In the LOCAL model, low-diameter decomposition is a useful tool in designing algorithms, as it allows us to shift from the general graph setting to the low-diameter graph setting, where brute-force information gathering can be done efficiently. Recently, Chang and Su [PODC 2022] showed that any high-conductance network excluding a fixed minor contains a high-degree vertex, so the entire graph topology can be gathered to one vertex efficiently in the CONGEST model using expander routing. Therefore, in networks excluding a fixed minor, many problems that can be solved efficiently in LOCAL via low-diameter decomposition can also be solved efficiently in CONGEST via expander decomposition. In this work, we show improved decomposition and routing algorithms for networks excluding a fixed minor in the CONGEST model. Our algorithms cost $\text{poly}(\log n, 1/\epsilon)$ rounds deterministically. For bounded-degree graphs, our algorithms finish in $O(\epsilon^{-1}\log n) + \epsilon^{-O(1)}$ rounds.
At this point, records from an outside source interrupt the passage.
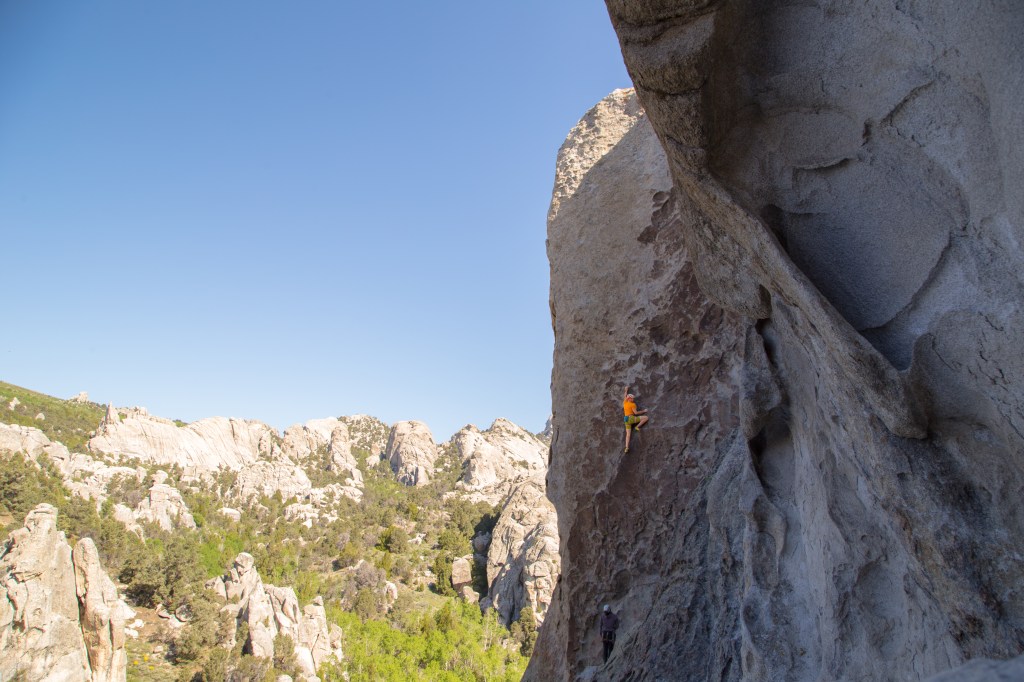 A photo showing Jesse half way up Tribal Boundaries. A impecible sheet of steep rock covered in small patina edges.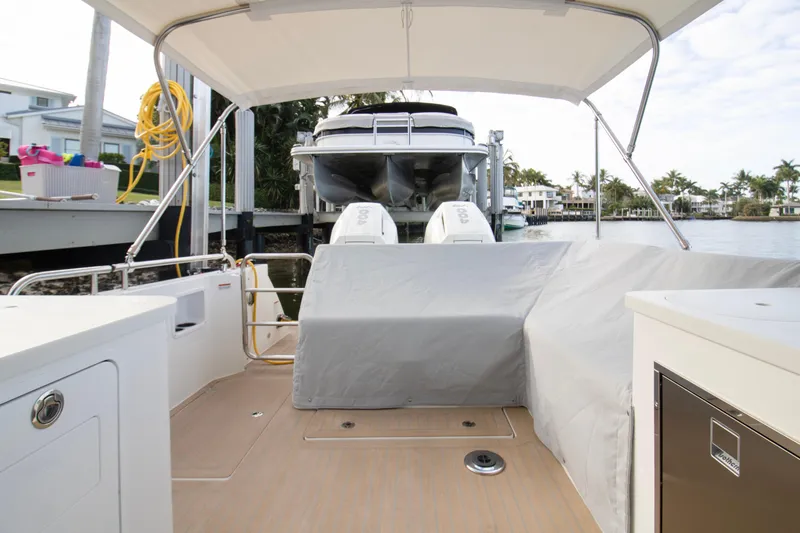 Slide: The Image of 2025 MJM 38 X boat cruising on calm waters, aerial view. - 4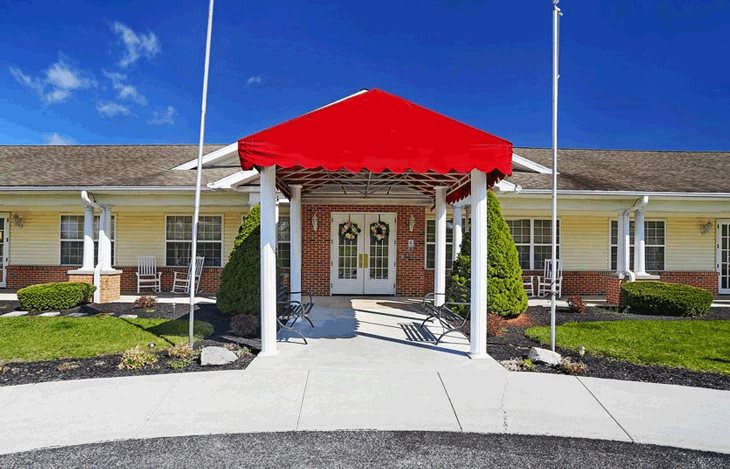 A building entrance with a red awning, supported by white pillars and surrounded by well-maintained landscaping.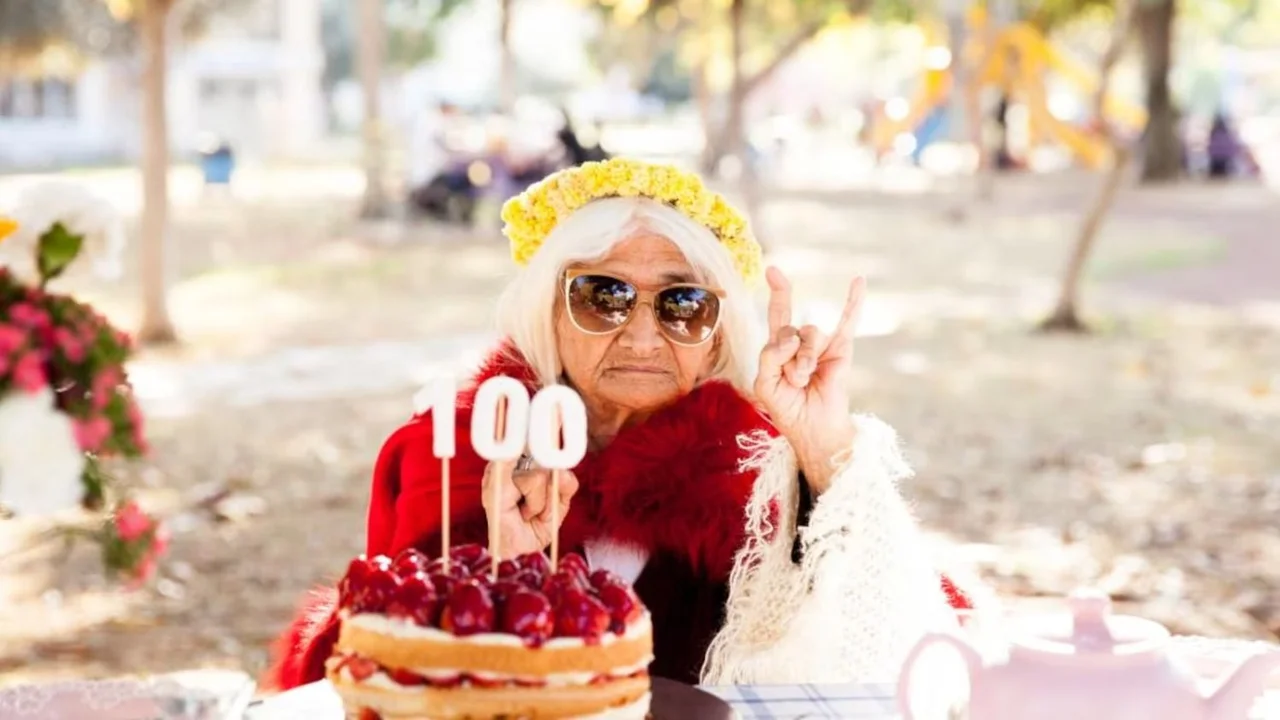 Un mujer con una torta de cumpleaños con el 100
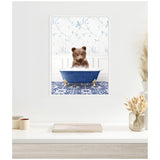 Illustration of a brown bear cub sitting inside a blue clawfoot bathtub filled with white bubbles, standing on a blue and white patterned tile floor with floral wallpaper background.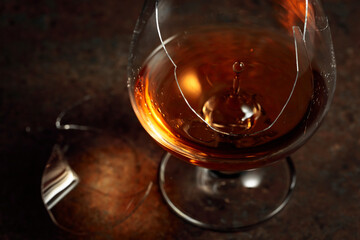 The drop of brandy falls into a broken glass.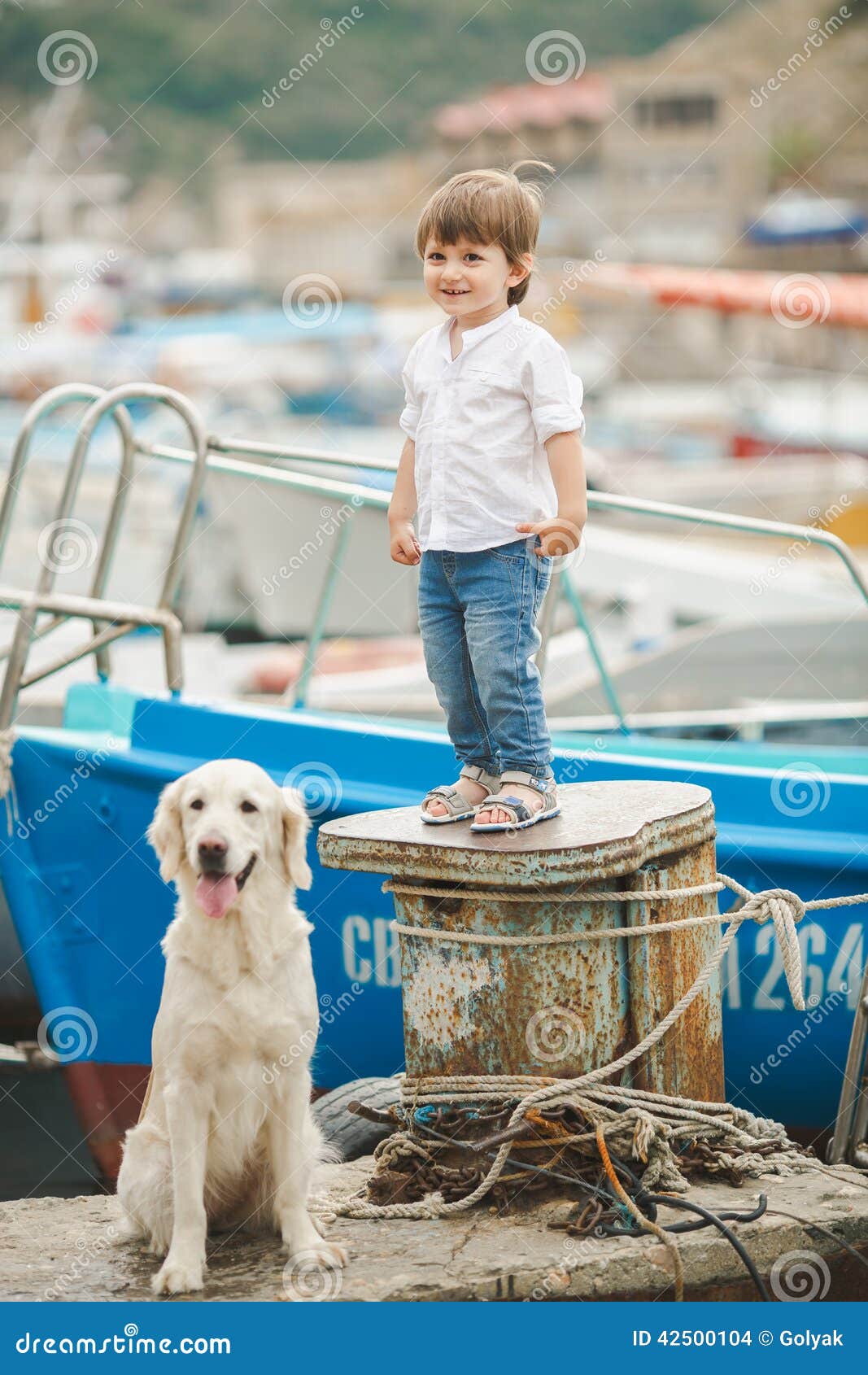 Happy baby boy with him dog on berth in summer. Happy little boy plays at the dock with his dog Labrador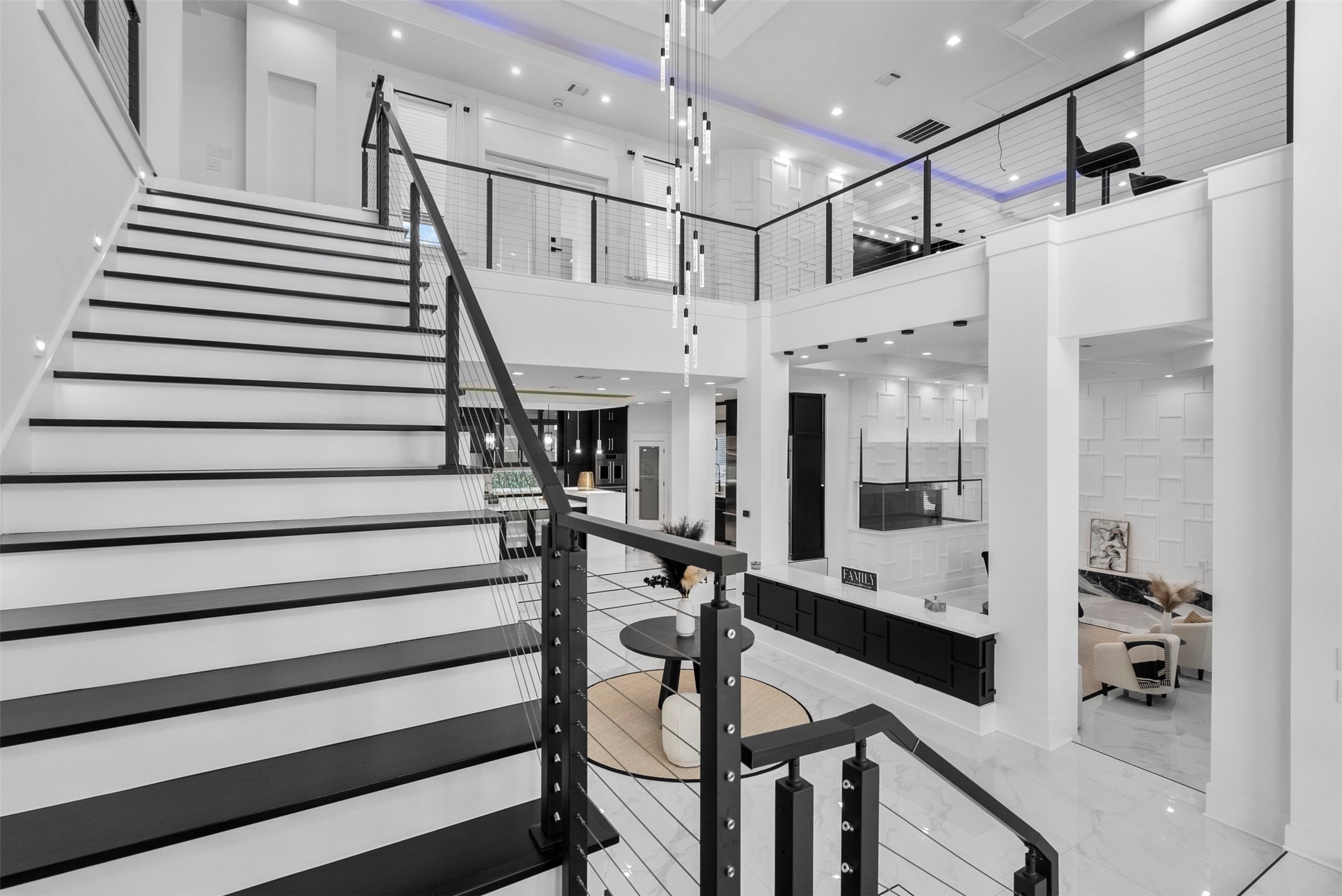 12 County Road 3558 Cleveland, TX 77327 - Photo 20 of 50 Elegant metal staircase leading to the second floor, highlighted by vaulted ceilings with LED trim lighting and stair rails accented with built-in LED lights for a modern, dramatic effect.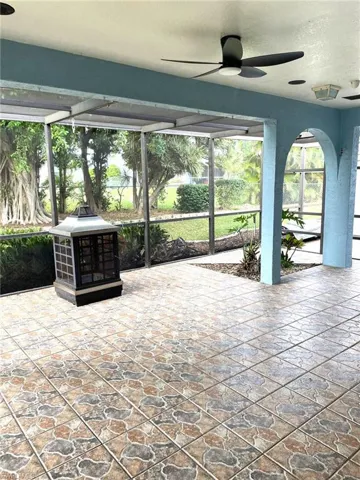 View of patio featuring ceiling fan and glass enclosure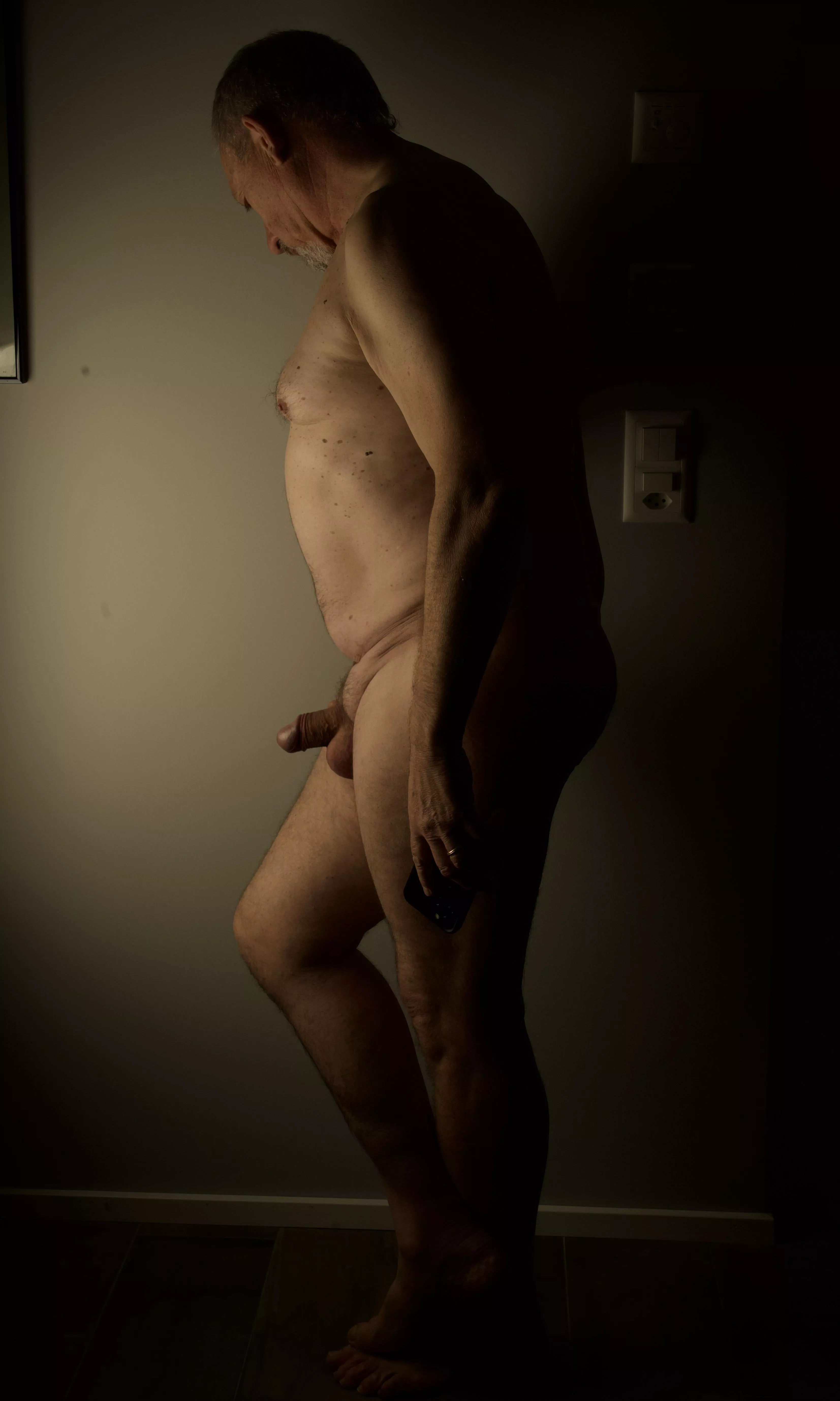 In profile (male full body)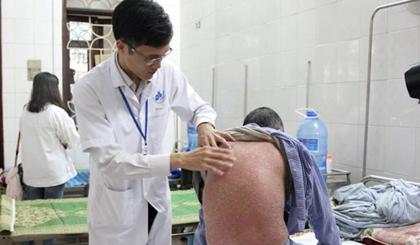 Bác sỹ khám cho một bệnh nhân bị bệnh vảy nến. (Ảnh: PV/Vietnam+)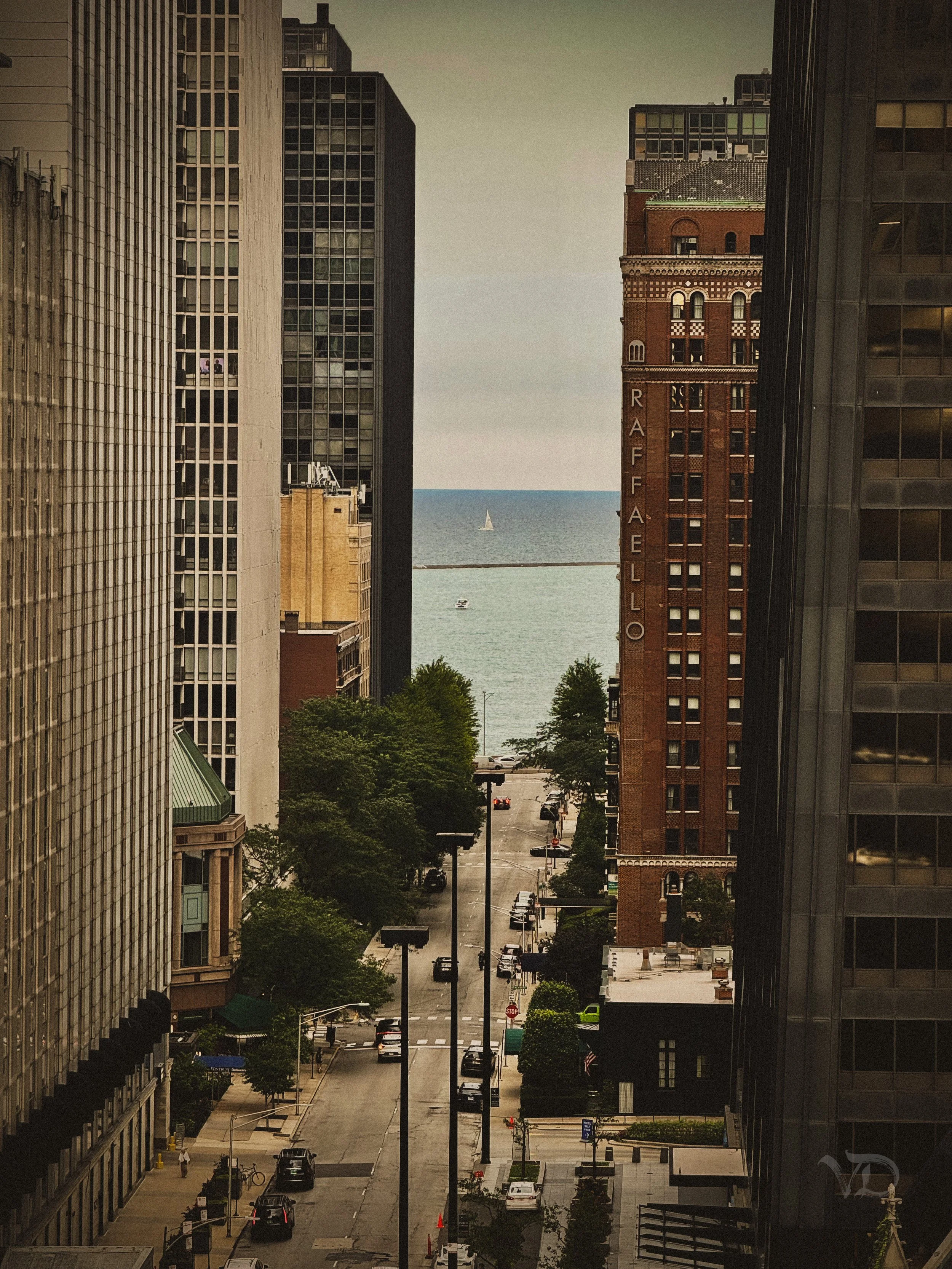 A city street view with tall buildings on each side, leading to a view of a body of water with a sailboat in the distance, and the 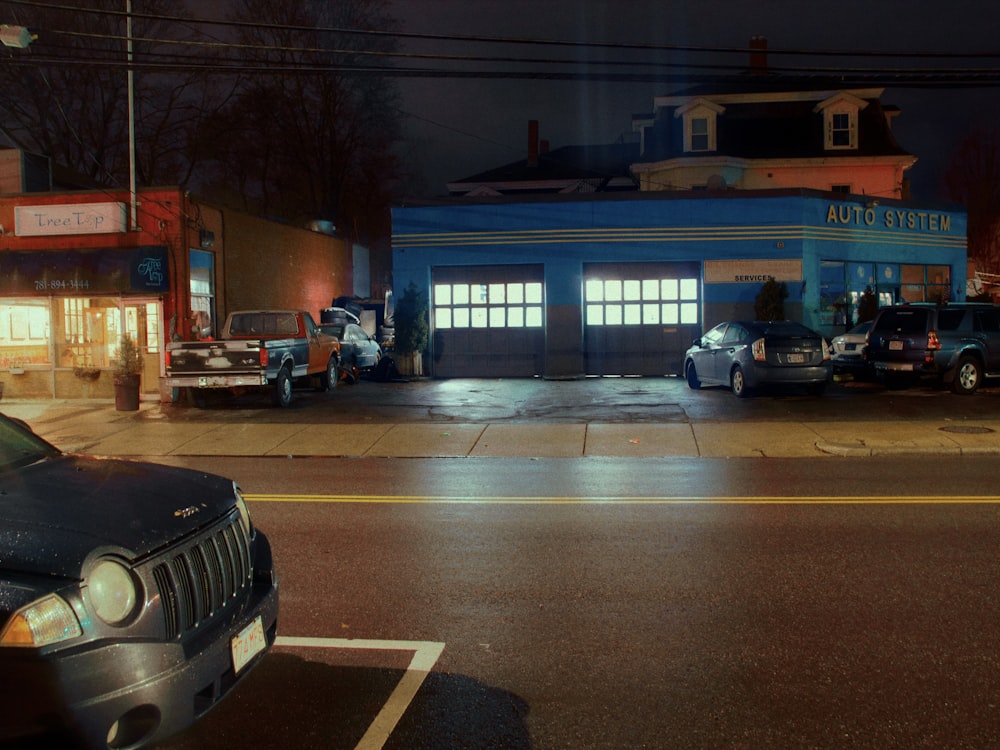 a couple of cars parked in front of a building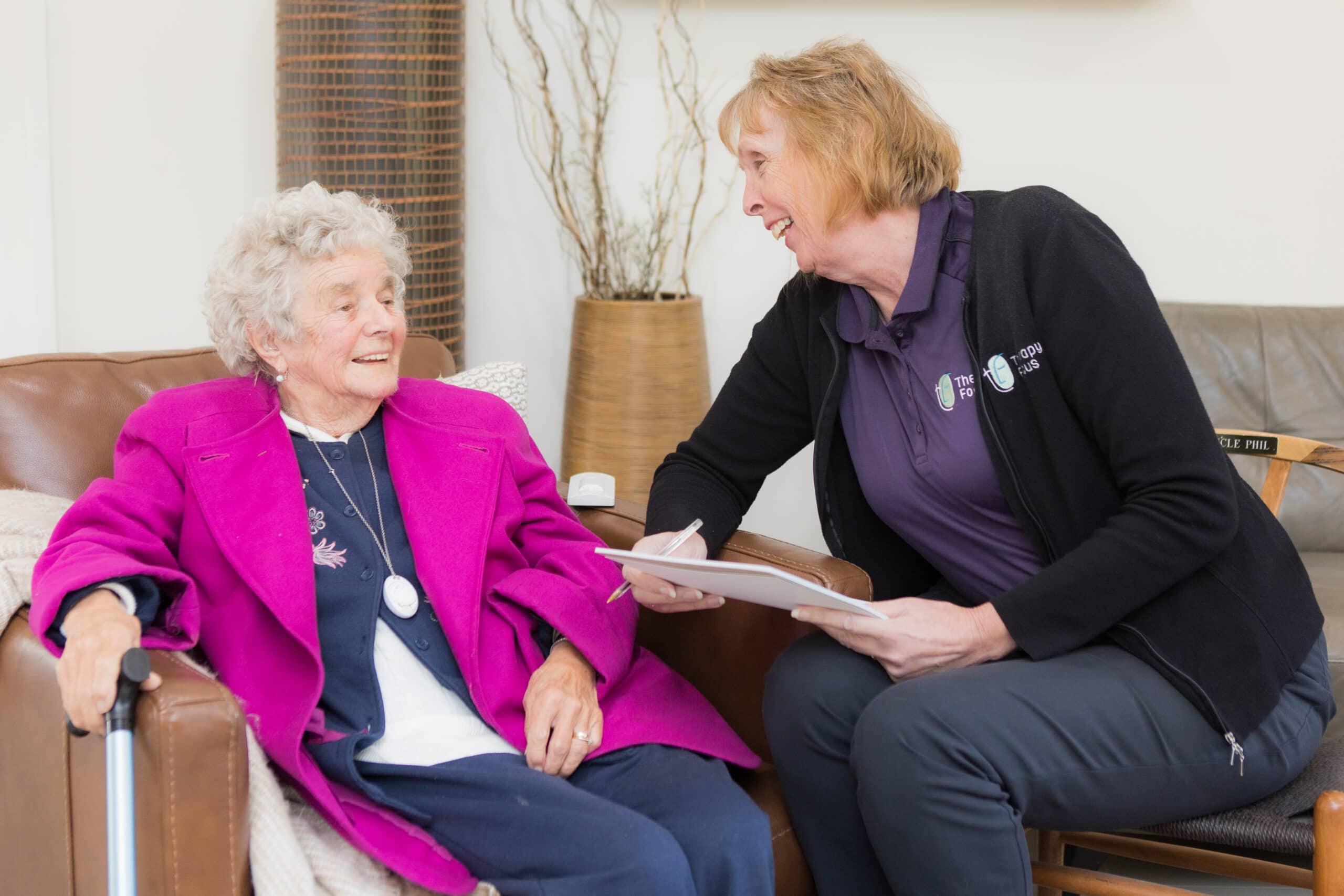 Bladder and Bowel Health Team talks with customer.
Our algorithms have a wide range of applications, including the following results in CONGEST. 1. A $(1-\epsilon)$-approximate maximum independent set in a network excluding a fixed minor can be computed deterministically in $O(\epsilon^{-1}\log^\ast n) + \epsilon^{-O(1)}$ rounds, nearly matching the $\Omega(\epsilon^{-1}\log^\ast n)$ lower bound of Lenzen and Wattenhofer [DISC 2008]. 2. Property testing of any additive minor-closed property can be done deterministically in $O(\log n)$ rounds if $\epsilon$ is a constant or $O(\epsilon^{-1}\log n) + \epsilon^{-O(1)}$ rounds if the maximum degree $\Delta$ is a constant, nearly matching the $\Omega(\epsilon^{-1}\log n)$ lower bound of Levi, Medina, and Ron [PODC 2018].